白黒とカラーの写真で小さな子供と奥さんの写真、子供の幼稚園の学芸会の写真、どこかの公園でとった子供の写真、顔をペンで黒く塗りつぶしてある写真、その多くは子供と奥さんの写真であった。
私の身体が急に固まり、どうしようもない切なさに包まれた。
山谷にいると言うことはいろんな事情があるだろう。
この街に来る人には、罪を犯し、家に帰れなくなった人や借金を作り、帰れなくなった人、重い病気になり家に迷惑をかけたくないために死に来る人、心が自分のした事に対して絶えられなくなった人、他人との関わりに疲れ果てた人、そして心を閉じた人、本当に様々だろう。
私はその写真を見ていて、この人はどんなに家に帰りたかったんだろうか、と痛切に感じた。
何百回、このアルバムを開いたのだろうか、辛い時に何度、この写真に励まされただろうか、何度泣きながら、このアルバムを開いたのだろうか、死のうとした時もあっただろう、しかし、このアルバムがやさしく何度々なく微笑んだのだろう。

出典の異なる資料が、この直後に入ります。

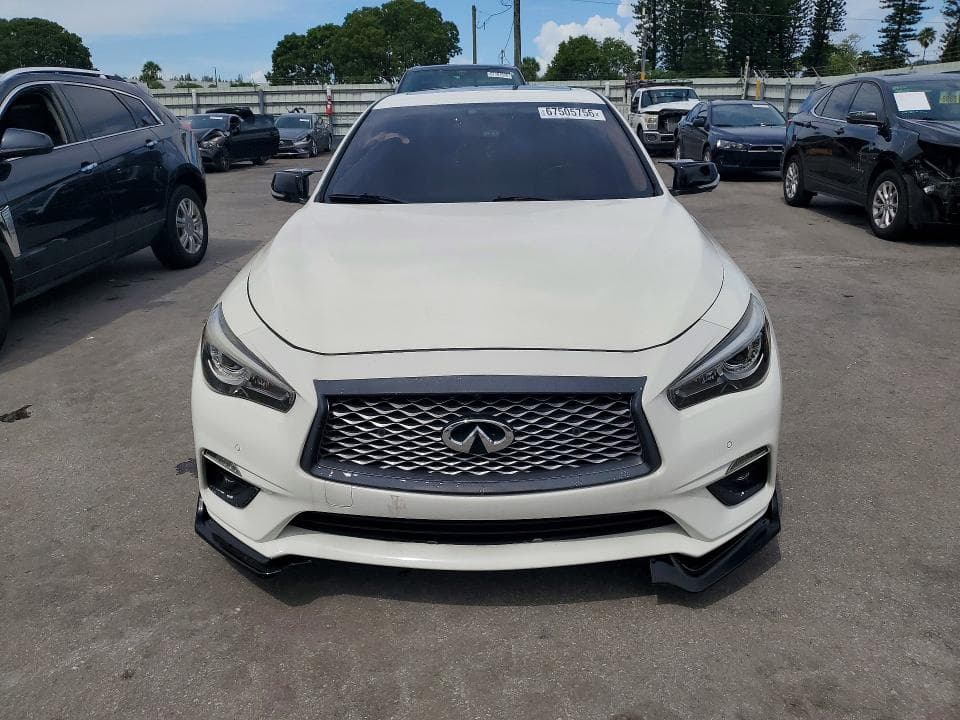 2021 INFINITI Q50 LUXE 5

このアルバムが生きる糧となり、生きる力となり、勇気になり、どうしようもないほどの切なさにもなっただろう。
汚れた小さなアルバムから凝縮された想い出がいろんな声とともが飛び出した来た。
その人の人生の厳しさや空しさが私に真正面から体当たりしてきたようだった。
「いつか、どうにかなる」、そんな気休めの言葉は悲しく、どっかに飛んで行った。
私に出来ることは・・・、私がしていることは・・・、彼らの何なるんだろうか?
もっともっとしっかりと愛を持たなくてはいけない。
限られた時間の中でもしっかりと彼らの心を見なくてはいけない。
私は自分にそう言い聞かせた。
彼らはほんとうに傷付き、孤独の中、空腹のうちに健気に生きている。
時に生きる事は辛く悲しいものであるかも知れない、しかし、どうにかして生きてください。
あなたを思う人が必ずいます。
遠く離れていても、一生会えなくても必ずいます。
きれい事を言って片付け、慰めるような事はしたくはないけれど、どうにか生きてください、そう願い祈り、そのアルバムを私は閉じた。
あなたの愛した証はこの世の中に確かにいますから。